In the second quarter of 2018, ANGC’s net spread and dollar roll income, excluding “catch-up” premium amortization, came in at $0.63 per diluted share. (Source: “AGNC Investment Corp. Announces Second Quarter 2018 Financial Results,” AGNC Investment Corp, July 25, 2018.)
Now, keep in mind that, in the second quarter, the company declared three monthly dividends of $0.18 per share, which totaled $0.54 per share. Divide total dividends by its net spread and dollar roll income and you’ll see that AGNC Investment Corp achieved a payout ratio of 85.7%.
Is that number good? Well, for one thing, the company’s latest payout ratio represented a solid improvement from three months ago.

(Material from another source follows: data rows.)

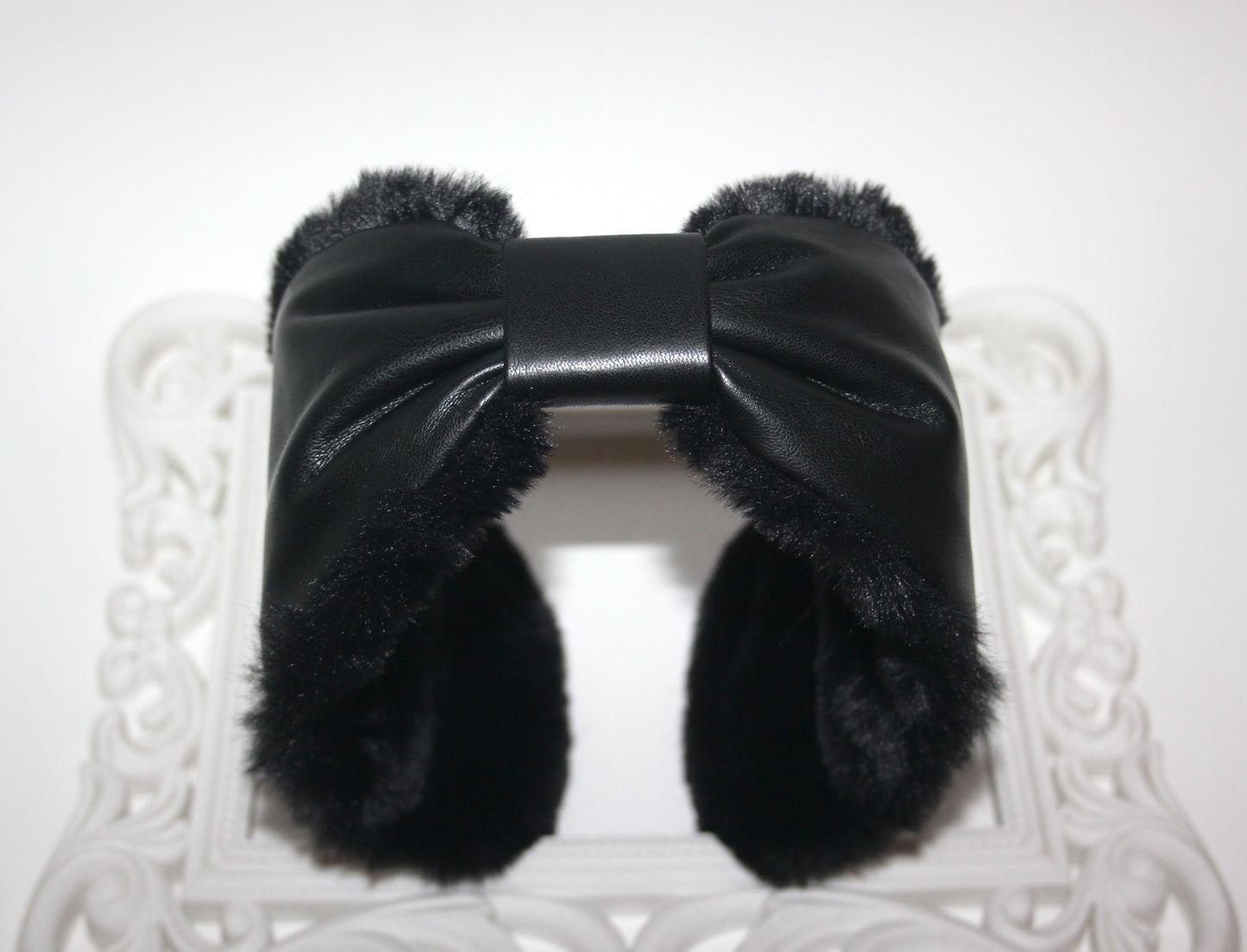 Black woman earmuffs faux leather&faux fur fluffy ear muffs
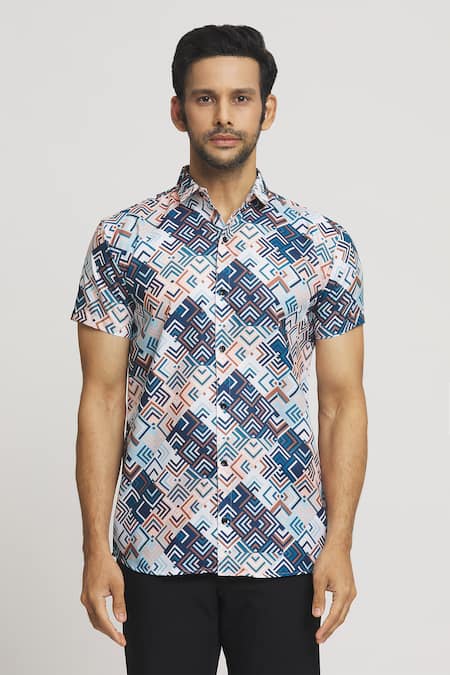 Aryavir Malhotra Multi Color Cotton Geometric Illusion Print Shirt at Aza Fashions Aryavir Malhotra_Multi Color Cotton Geometric Illusion Print Shirt_at_Aza_Fashions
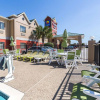 Отель Econo Lodge Inn & Suites East, фото 28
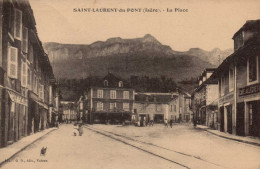 38 , Cpa  SAINT LAURENT DU PONT , La Place , 124 ..(10988) - Saint-Laurent-du-Pont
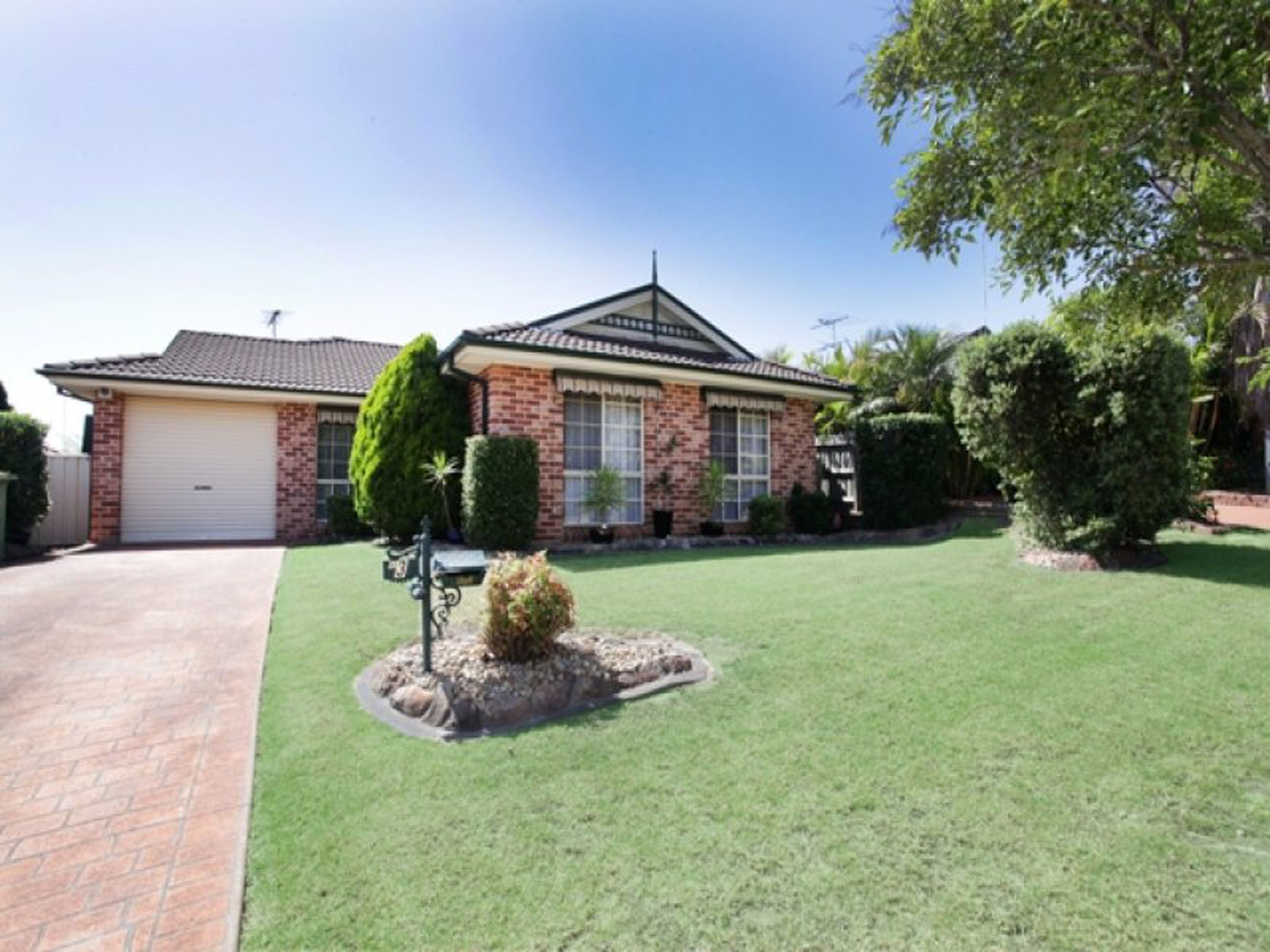 3 Karabi Close, GLENMORE PARK
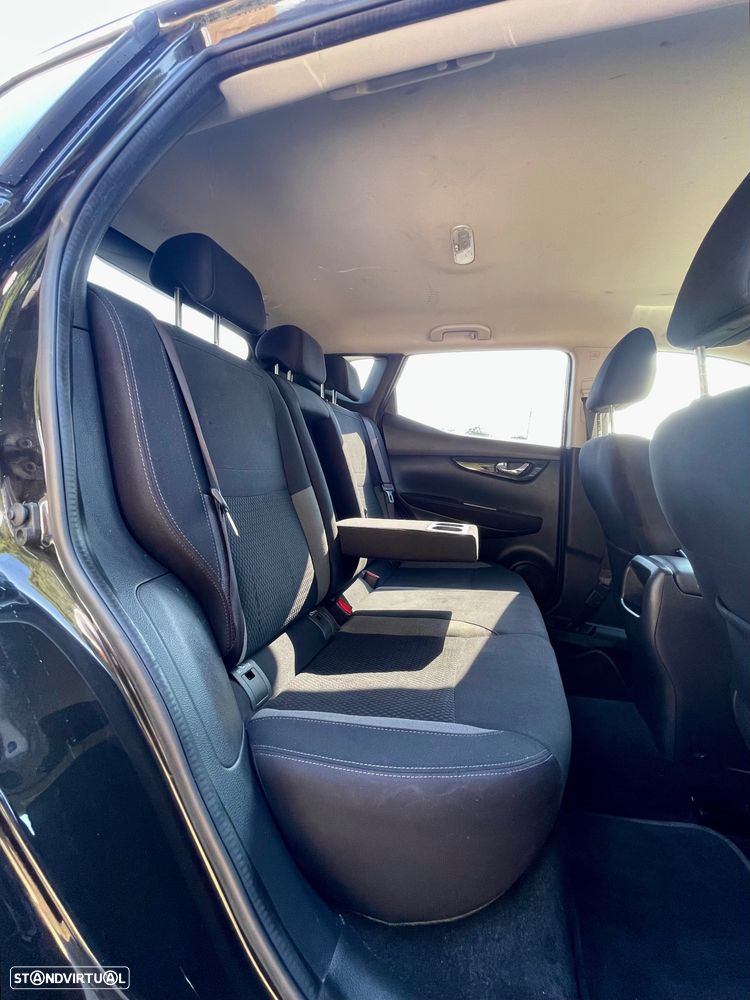 Nissan Qashqai 1.5 dCi DCT TEKNA - 19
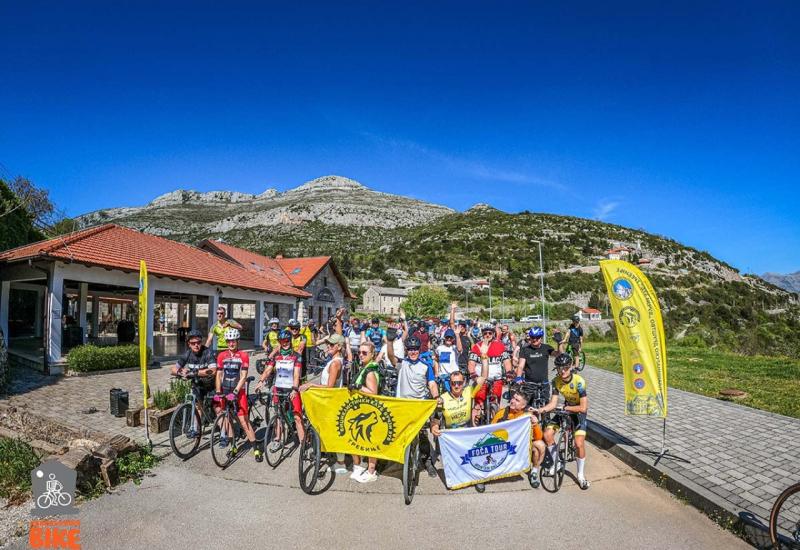 Start biciklijade bio je ispred gostionice Zavala u Zavali  - Avantura od Zavale do Trebinja: Biciklisti upijali ljepote Hercegovine 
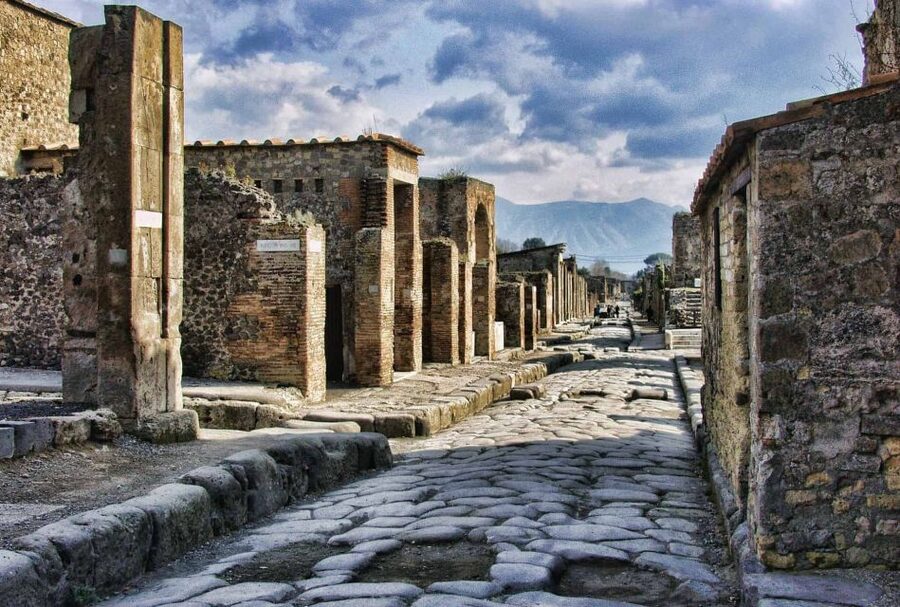 Pompeii: Day Tour of Pompeii and Vesuvius with Bus Transfer - Pompeii: two hours with a guide
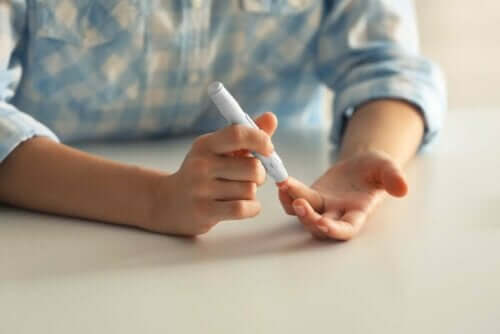 En person med diabetes som sjekker blodsukkeret sitt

You see, in the first quarter of 2018, AGNC Investment Corp generated net spread and dollar roll income, excluding “catch-up” premium amortization, of $0.60 per share. Since its dividends were the same—three monthly payments totaling $0.54 per share—the payout ratio came out to 90%. (Source: “AGNC Investment Corp. Announces First Quarter 2018 Financial Results,” AGNC Investment Corp, April 25, 2018.)
When it comes to dividend safety, a lower payout ratio is always a welcoming sign. By going from 90% to 85.7%, AGNC Investment Corp’s payout ratio suggests that its dividends have gotten safer.
AGNC Investment Corp Payout Ratio
At the same time, we should not forget that the company has to maintain its status as a REIT, meaning it must return most of its profits to shareholders through dividend payments. That’s why REITs have become the higher-yielding names in today’s market, and their payout ratios tend to be high, too. So even though AGNC’s payout ratio is not really low compared to companies in other industries, this improvement still deserves attention.
Of course, as a mortgage REIT, AGNC Investment Corp still has another issue to address: the underlying risk in its investments. Due to what happened in the last financial crisis, investors are well aware of the risk of investing in mortgages.
The good news is that AGNC has been focusing on agency mortgage-backed securities (MBSs). These are MBSs with the principle and interest payments guaranteed by government-sponsored enterprises such as the Government National Mortgage Association (Ginnie Mae), the Federal National Mortgage Association (Fannie Mae), and the Federal Home Loan Corporation (Freddie Mac).
As of June 30, approximately 73% of AGNC’s $77.1-billion portfolio was invested in agency MBSs. This helps the company limit the risk of potential defaults in the underlying mortgages of its portfolio. (Source: “Q2 2018 Stockholder Presentation,” AGNC Investment Corp, July 26, 2018.)
The Bottom Line on AGNC Investment Corp
Despite its improving dividend safety, AGNC stock hasn’t caught that many investors’ attention. Year-to-date, shares of this mortgage REIT are actually down nearly four percent, so it could be an opportunity for bargain hunters. Adding in its double-digit dividend yield, AGNC Investment Corp looks like a solid income play.